IEEE technical organizer.
Microsoft Student Partner instructor at the Coding Lab.
Founder of the first Computer Science club at my school powered by Hack Club (San Francisco).
Head of the IT committee of TEDx at the local university.
Translator at TED and Coursera.
The scientific chief at the Students’ Union.
IT manager at my school’s library.

My accomplishments:

Finalist (1st place in Computer Science category) in the local ISEF science fair.
1st place winner award in the first regional NXT robotics contest.
Nominated for the World Robotics Conference in China.
Was invited by the US embassy to be a presenter at the Maker Fair.
I got nominated to the Microsoft Developers Conference as a reward from MSP for my performance with the newcomers.
I got a recognition from my school for reconstructing the IT of the library.

What’s your intended major?
Take the SATs, improve on your ECs, make them different.

Computer Science.
What’s the problem with my ECs?

Not any problem. But if you’re going for the elite, the best of the best, you’re going to have to set yourself apart. Add that to the fact that you are an international student, the deal just gets worse. Most schools are need aware for international students. That is also a competitive major.
Your grades are really good, so that’s okay.
What country do you live in?

From Egypt. You told me to make my ECs different, how to do it?

Your choice. Do some volunteering, help the poor, maybe build an app?

Building apps or websites is something regular for me. I remember creating a voice-controlled application when I was in grade 6, other for my research project at ISEF, and I made around 4 websites for my blog and when I was working as a freelancer.
Working for Coursera and TED is a freelance voluntary work, I translate courses and talks for free.
What is your point then?

Nothing else. Do volunteering, help out the poor and disadvantaged.

Your academics and EC’s are good.
No need to help the poor or disadvantaged, unless you’re the son of a government official or privileged in some way - in which case, recongizing that privilege and using it as force for good+showing your ability to work with people from different faiths and social backgrounds than yours would be a plus. Anything that shows you’re a kind individual who treats others respectfully regardless of age, gender, socio-economic background, or faith, is expected. (And, yes, your online profile will be checked due to colleges having nasty surprises.)
You COULD spend some time helping girls and women’s empowerment or gay youth but that is kind of dangerous in Egypt.

So, now, devote a lot of time to your SAT prep and, possibly, find a way to be kind to others on a regular basis.

To help yourself more substantially, you should also investigate all US colleges, not just the ones you’ve heard of because everyone’s heard of them. Get a Fiske Guide or a Princeton review’s Best colleges (up to the 2015 edition is fine if you can’t find a new edition) and run through the descriptions, looking for a variety of acceptance rates.
As an international, the #1 factor will be how much your parents can pay, except for Harvard, Yale, Princeton, MIT, and Amherst.

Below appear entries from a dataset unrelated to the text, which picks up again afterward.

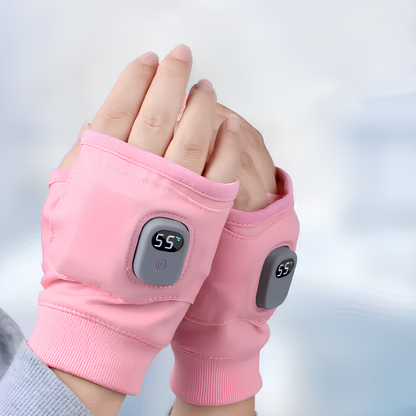 Rechargeable Heated Fingerless Gloves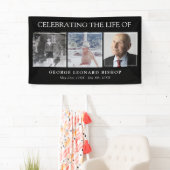 Minimale zwarte feestdag van het leven 3 Foto's Fu Spandoek (Insitu)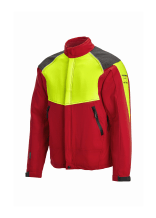 PFANNER Schnittschutzjacke StretchAIR Rot/Neongelb - bei KOX online bestellen | XX71440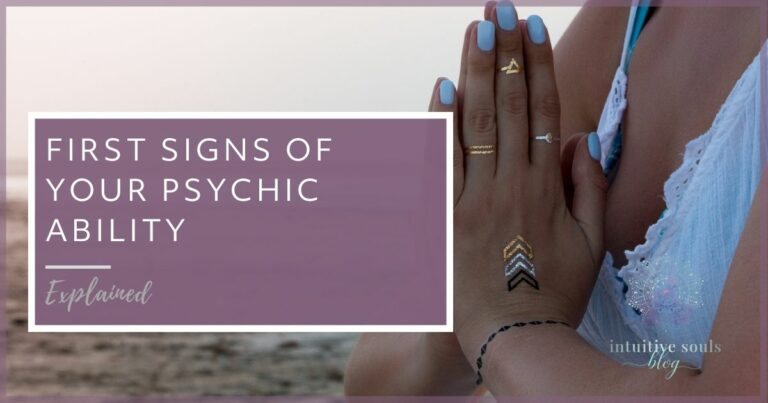 first signs of your psychic ability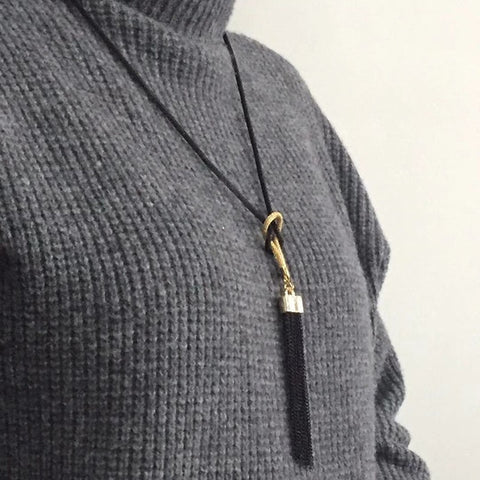 Long Sweater Chain Necklace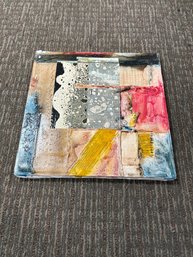 A Mixed-media Collage, Likely Created By Abstract Expressionist Artist Grace Hartigan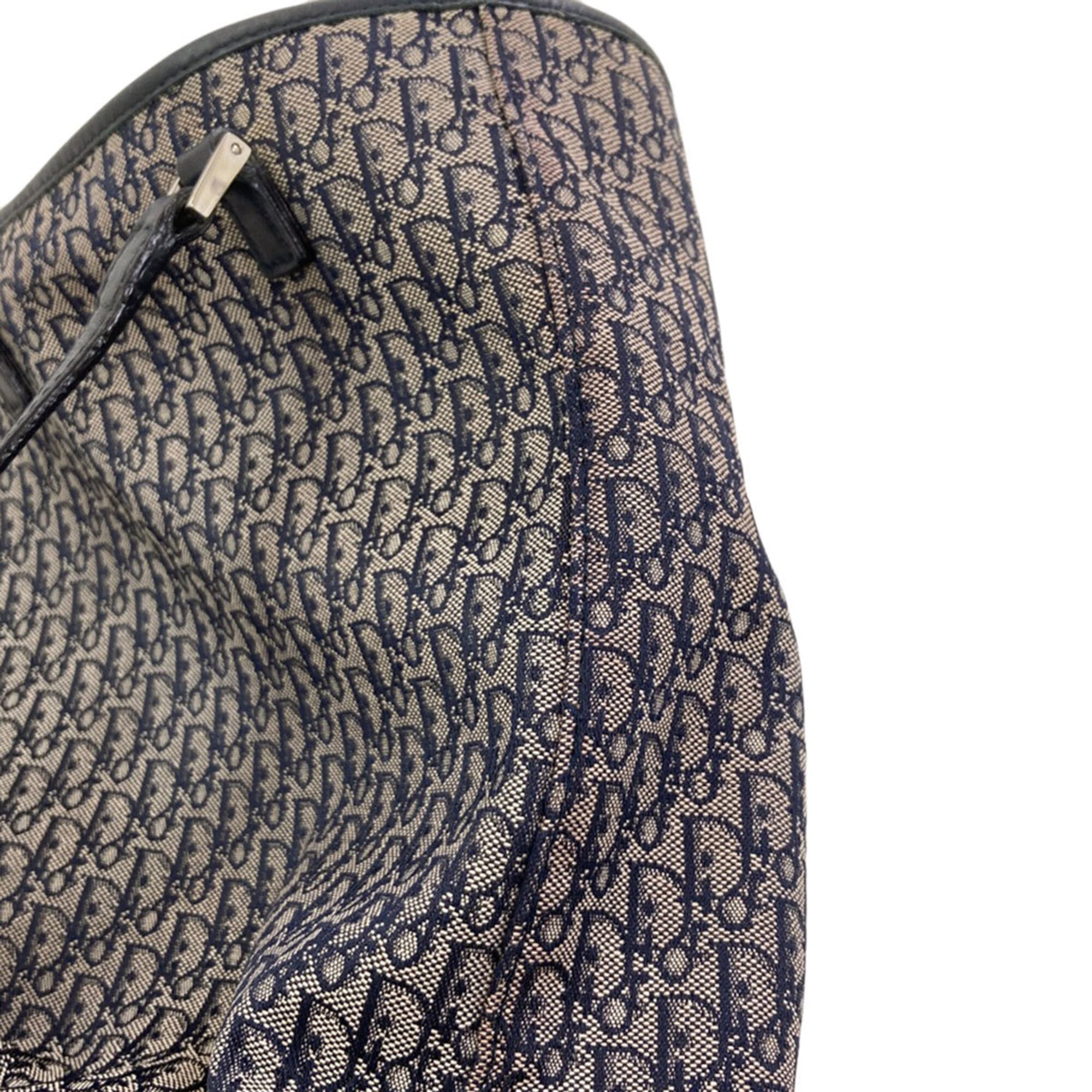 Christian Dior Navy Canvas Tote Bag (Pre-Owned)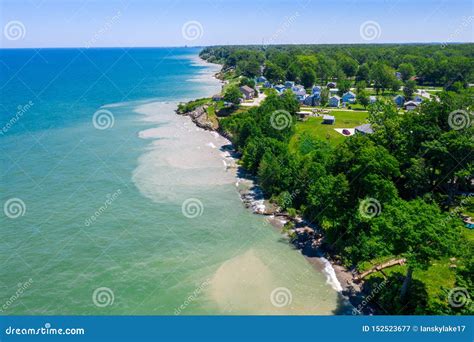 Lake Erie Coastline, Ashtabula Ohio, USA Stock Image - Image of record ...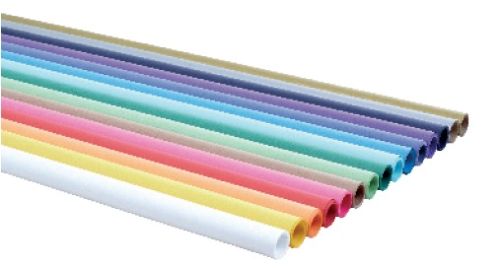 C/9 rollos papel kraft verjurado azul turquesa 1x3M FABRISA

OP… read and absorb the last paragraph above. It’s key to getting in somewhere in the US: apply widely and intelligently (don’t pick just “famous” schools everyone else is applying to.)

Your chances are terrible. It’s simply because you’re applying to colleges that have a 5-7% acceptance rate. In computers, your degree is going to be employable no matter where you go. For an elite school, it might give you an initial bump in salary, but since you’re in an industry that relies on experience, it takes very little time for everyone else to catch up. Within 4 years, you’re going to be making about the same as everyone else.